Suðurlandsvegur
SUÐURLANDSVEGUR (2012)
With Oscar Mangione and Fredrik Ehlin.
May 19th, 2012, at a petrol station with a small restaurant, somewhere along Suðurlandsvegur in Iceland.
In a corner of the room is a man drinking coffee. He is shabby, troubled, and he wears an elegant but dusty and somewhat ragged suit. He used to be part of a group, but after completing a report —the first and only one — the project was cancelled, and the group disbanded. He stayed in the office and found other, simpler, things to do. At first, a variety of minor tasks: letters were to be filed, answered, scanned, printed, copied, or stamped; sometimes small editorial tasks as well as recurrent, eventually canceled, Monday meetings. In the end his only business was to take care of the garbage.

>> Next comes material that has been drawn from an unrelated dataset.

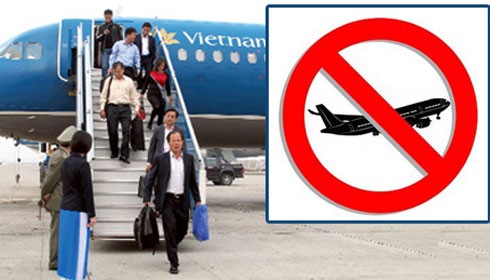 Hành khách gây mất an ninh hàng không có thể bị cấm bay. Ảnh minh họa.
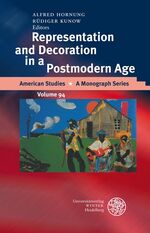 ISBN 9783825312602: Representation and Decoration in a Postmodern Age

Every night he enters the subterranean world of waste management, hauling the leftovers of life above through winding corridors, to the great garbage compactor. One night, as he is about to finish the work, he discovers a passage leading even further down below the surface. Instead of going up with the elevator to the newly cleaned premises and a much-needed nap, a journey in the underworlds begins. It doesn’t end until this day when he shows up at a petrol station. He is a man whose history no one dares to imagine.
Performed at Litla Kaffistofan, Iceland, on May 19, 2012, by Hilmar Guðjónsson.
Written and directed by Fredrik Ehlin, Andjeas Ejiksson, Oscar Mangione.